Cooling in data centers is often achieved by direct expansion chillers. This kind of systems, in addition to being highly energy-intensive, employ refrigerants that are pollutants, and thus more and more banned or limited by regulations. The increase in the computational power, due to the global adoption of artificial intelligence, big data analytics and cloud computing, machine learning and blockchain, has an effect increasing the impact of data centers upon the global warming.
If actually the increase of working temperatures of computers is reducing the need of mechanical cooling in data centers, regulations are pushing to a drastic reduction in the employ of refrigerants, responsible of greenhouse gas emissions.

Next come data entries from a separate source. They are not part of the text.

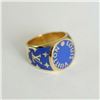 Image 1 : Rare Louis Vuitton Unisex Designer Enamel Logo Ring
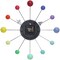 Infinity Instruments Orb Spoke -15in Round Wall Clock, Open Face Design, Metal Spokes with Rainbow Orbs 15353RB - alternate 4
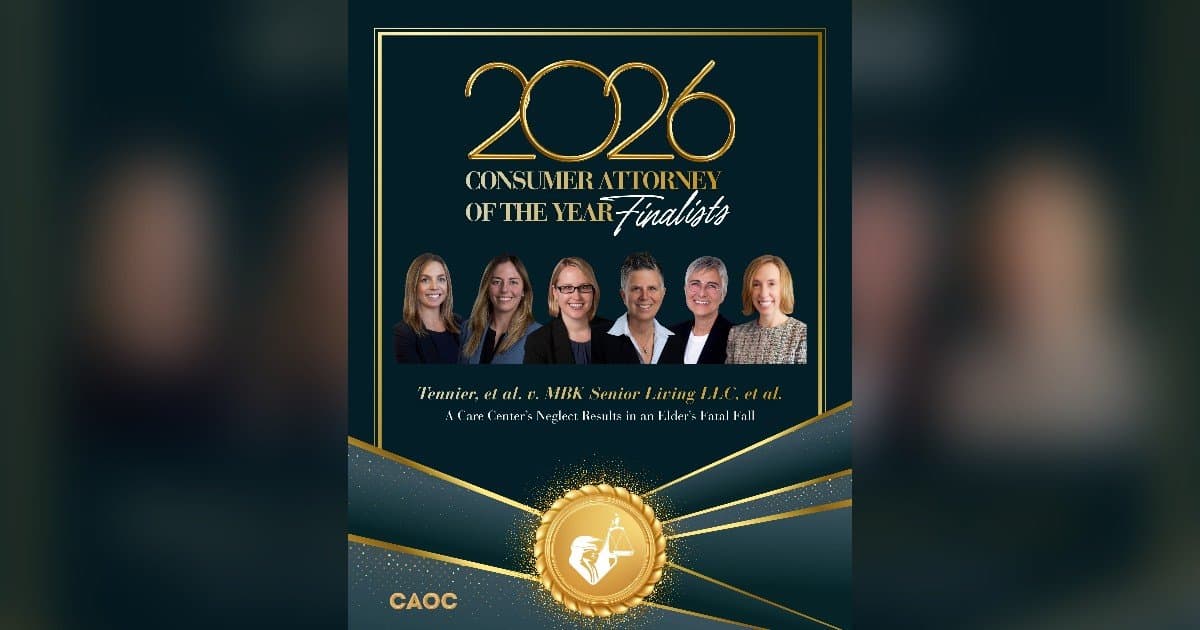 banner image for: Stebner Gertler & Guadagni's Legal Excellence Earns CAOC Finalist Spots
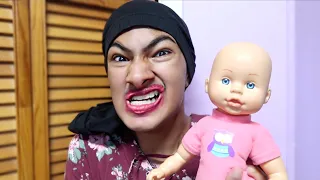when your mom finds out that you adopted a baby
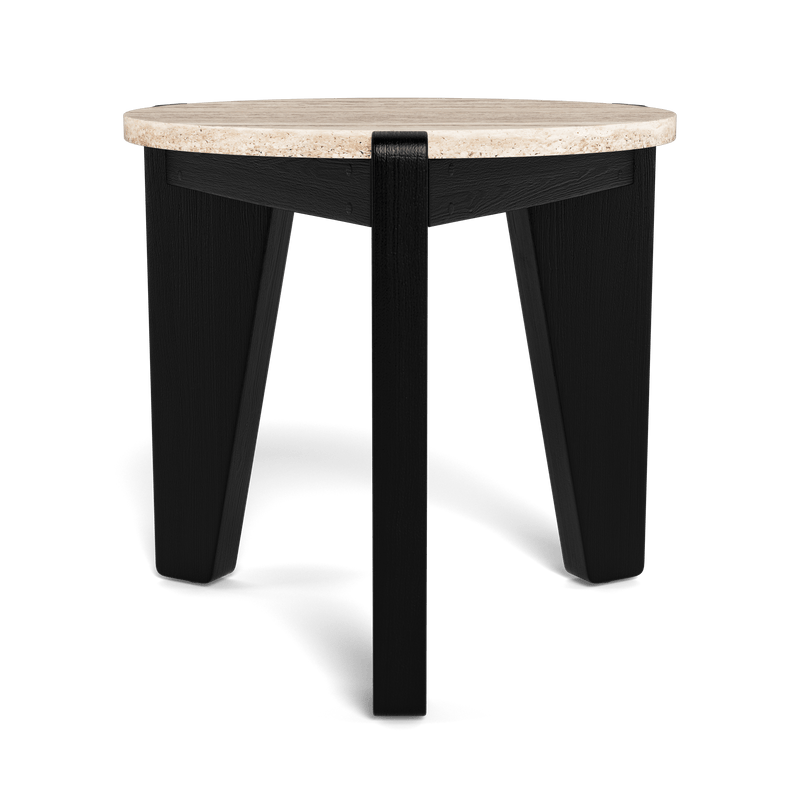 Mlb Round Side Table - Harbour - ShopHarbourOutdoor - MLB-11A-TECHA-TRCRE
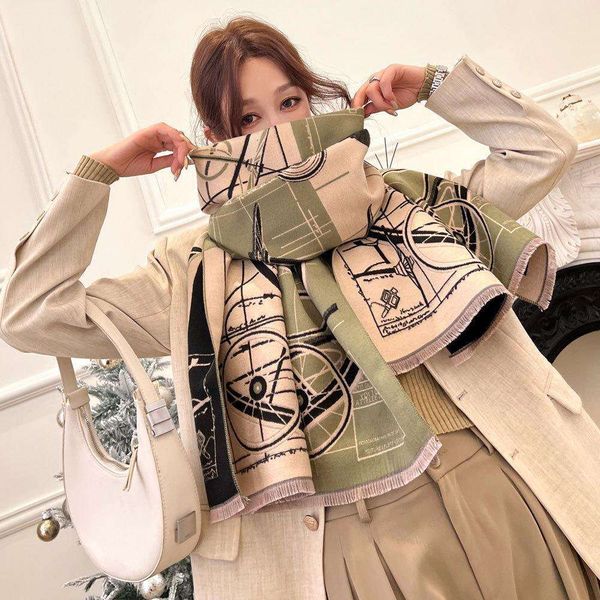 korean version of the all matching thick scarf for women autumn and winter style milky way dream jade patterned, Blue;gray
korean version of the all matching thick scarf for women autumn and winter style milky way dream jade patterned, Blue;gray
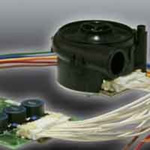 Nidec Components TF037F Series Axial Fan Kit, 24 V dc, DC Operation, 16.1W, 670mA Max, 50.5 x 53.78 x 34.3mm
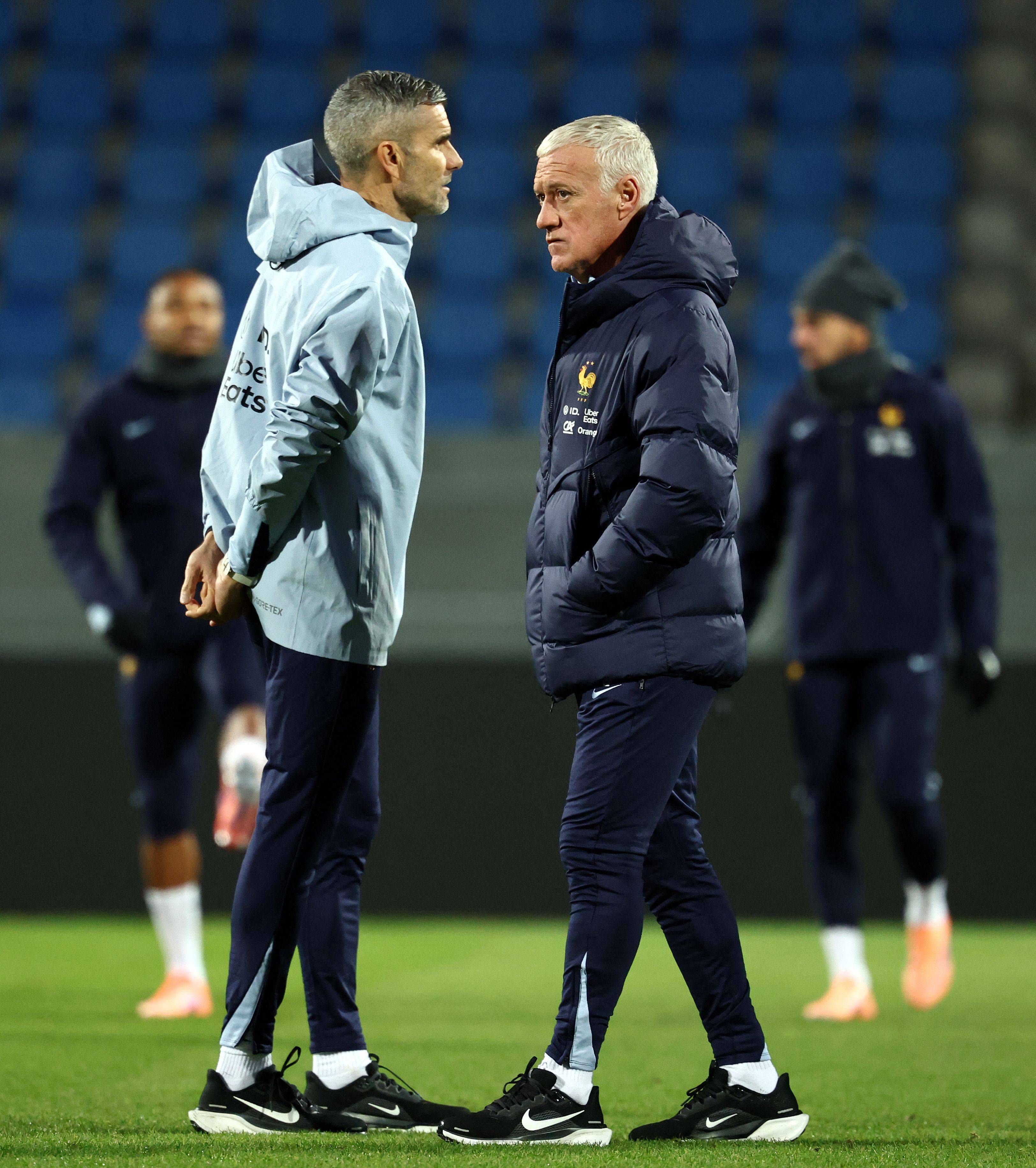 （外代二线）足球——世界杯预选赛：法国队备战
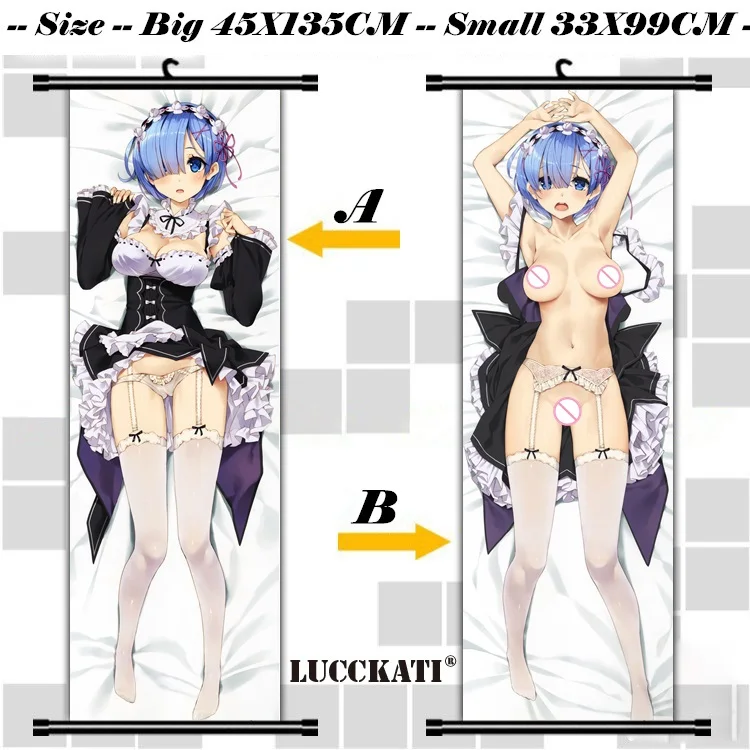 yande.re 380194 breasts dakimakura garter_belt maid nipples no_bra nopan open_shirt private_garden rem_(re_zero) stockings thighhighs tsurusaki_takahiro__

Different HFC (hydro-fluorocarbon) refrigerants are employed in data centers, the most commonly being the R13a (in big plants) and the R410A (in small-medium size data centers). Their control imposed by regulations around the world is making their prices getting higher, pushing operators to find out new technologies and green cooling strategies for data centers.
Among green solutions for data centers, there is the employ of TCOIL dimple jacket exchangers for liquid cooling of the servers. Possibly also leveraging cold water available in the environment (as achieved in the Green Mountain installation in Norway). Getting rid of chillers, in addition to eliminating the use of HFC refrigerants, also would allow low energy consumption in data center operations.
Free cooling is another green cooling strategy for data centers, that stands out, as well as dimple jacket exchangers, for cooling efficiency and sustainability. The free cooling employs cold environmental air where it’s available, representing an efficient solution combined with cold water cooled systems. Moreover, the option of an adiabatic boost, which extends the dissipation efficiency of the free cooling systems, makes this green cooling solutions feasible in a wider range of geographical areas.